In Psalm 110, the Lord (Yahweh) speaks to “my lord” (ladoni), promising that the He has made the king, “a priest forever after the order of Melchizedek” (Ps 110:4).  Psalm 110, then, celebrates the enthronement of a king who is also a priest of the highest order.  As Paul observes, it was not uncommon in the cultic practices of Israel’s neighbors (including the Egyptians, Assyrians, and the Phoenicians) for the king to be a central, even priestly, figure in the religion. [6]   Certainly, even many kings of Israel and Judah were active participants in the religious life of the nation.  Indeed, 2 Samuel 24, among other instances, shows David as building an altar and offering burnt offerings and peace offerings.  Such kingly participation incorporate worship, even in a leading role, appears far different, however, from priestly service in the tabernacle and, later, the temple. [7] In these holiest of places, priestly service was limited to members of the tribe of Levi. For a king of Israel, never a Levite, to simultaneously serve as a priest was impossible. 

Throughout the Old Testament, the Messiah is certainly a kingly figure.  While the kingly motif is the most common, the idea of a future priest-king sees Old Testament support beyond Psalm 110.  However, Zachariah 6:9-15, in a way reminiscent of Isaiah 11 and Jeremiah 23, speaks of a “Branch”—a righteous ruler.  Just as in Isaiah and Jeremiah, the Branch of Zachariah is most often considered a messianic leader.  Yet, the Branch of Zachariah 6 is not only a king, but also a priest who sits enthroned in the temple. [8]   A careful study of the Old Testament shows that the Messiah is not only a ruler, descended from the line of David, but that he is also a central figure in the worship practices of the nation—he is a greater priest, even, than the high priests of the day.

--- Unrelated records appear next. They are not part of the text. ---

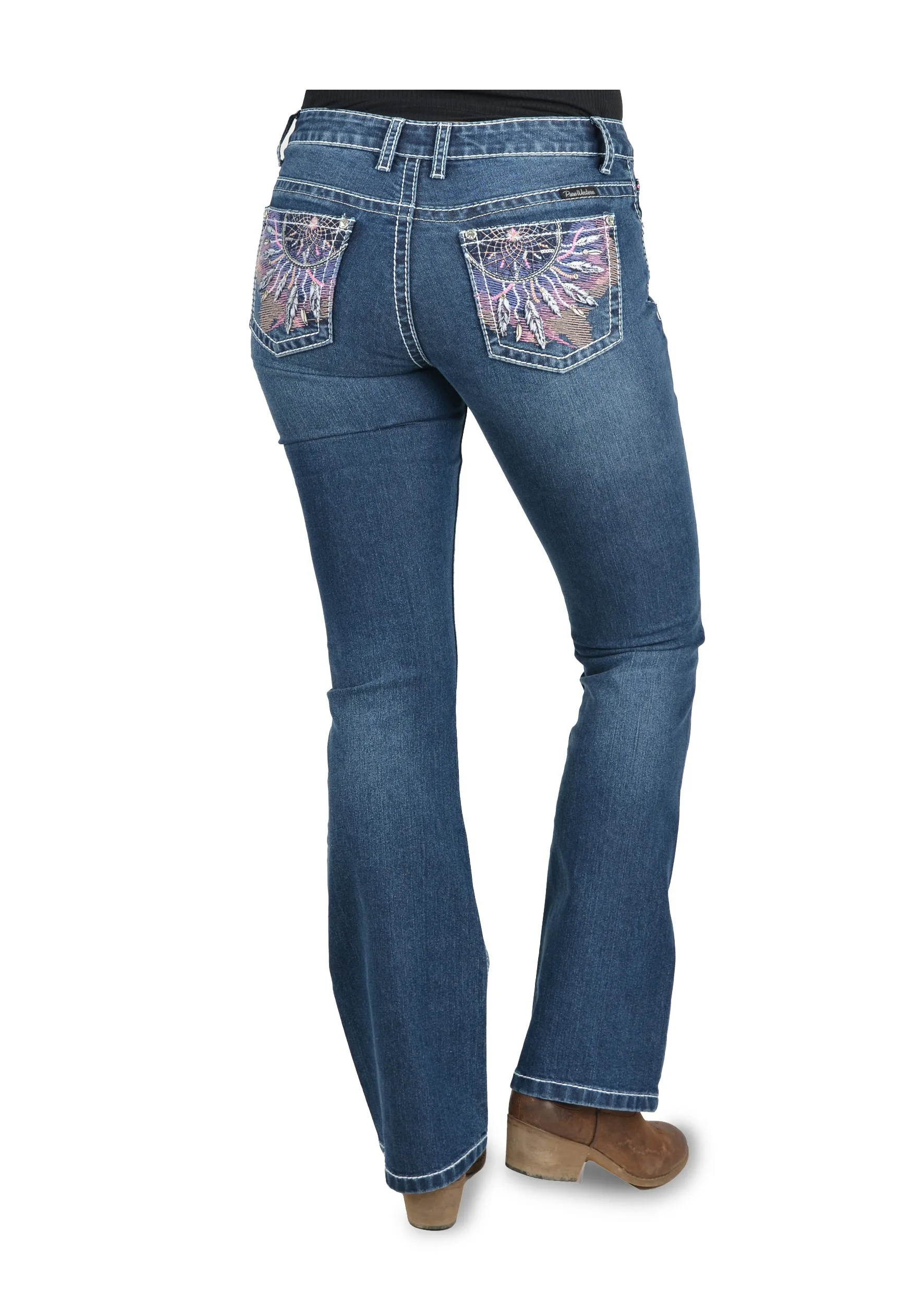Pure Western Willa Boot Cut Ladies Jeans Evening Sky
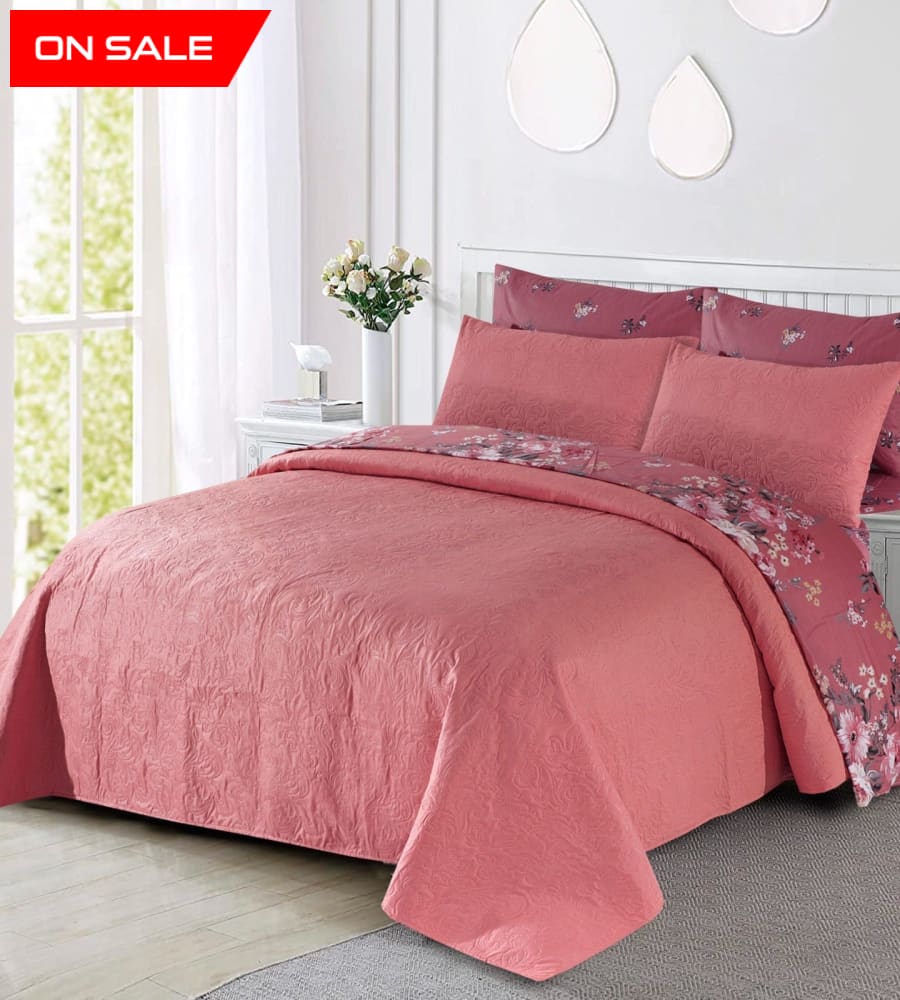 Soft Pink Combo Bedspread 6Pc Set Quilts & Comforters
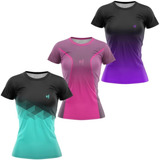 Kit 3 Blusa Feminina Fitness Roupa Academia Caminhada Treino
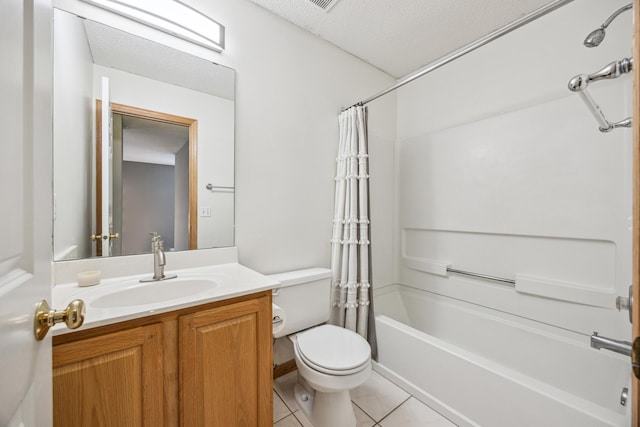 full bathroom featuring shower / bathtub combination with curtain, tile patterned flooring, vanity, a textured ceiling, and toilet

Melchizedek in Extra-Canonical Jewish Literature

It is possible that a substantial legend grew up around Melchizedek in the Jewish literature of antiquity. A badly fragmented manuscript (“11QMelch”), found in Qumran Cave 11, speaks extensively of him.  Though not definitively ascertained, it is conceivable that 11QMelch could provide insight into the Jewish tradition surrounding Melchizedek.  Such ideas might have shaped the views of the original audience of Hebrews.  According to Rainbow, the manuscript dates to around 120 BCE, roughly two centuries before the authoring of Hebrews. [9]  Certainly this is a date close enough to the original composition of Hebrews that the author and his audience might be familiar with the same legends.

According to Fitzmeyer, 11QMelch does provide a Jewish understanding of Melchizedek that is contemporary with the author and audience.   Melchizedek, says Fitzmeyer,“is associated with the deliverance of divine judgment, with a day of atonement, with a year of jubilee, and with a role that exalts him high above the assembly of heavenly beings.”  These associations, contends Fitzmeyer, “make the comparison in Hebrews between Jesus the high priest and Melchizedek all the more intelligible.”[10]   Many scholars believe that the Melchizedek of the Qumran fragment is to be associated with the archangel Michael, a position the Babylonian Talmud appears to support. [11]  At the very least, the Melchizedek of 11QMelch is an eschatological figure.   Rainbow takes a position contrary to more widely held views.  He argues that, in 11QMelch, Melchizedek is a messianic figure, perhaps even the Davidic Messiah himself. [12]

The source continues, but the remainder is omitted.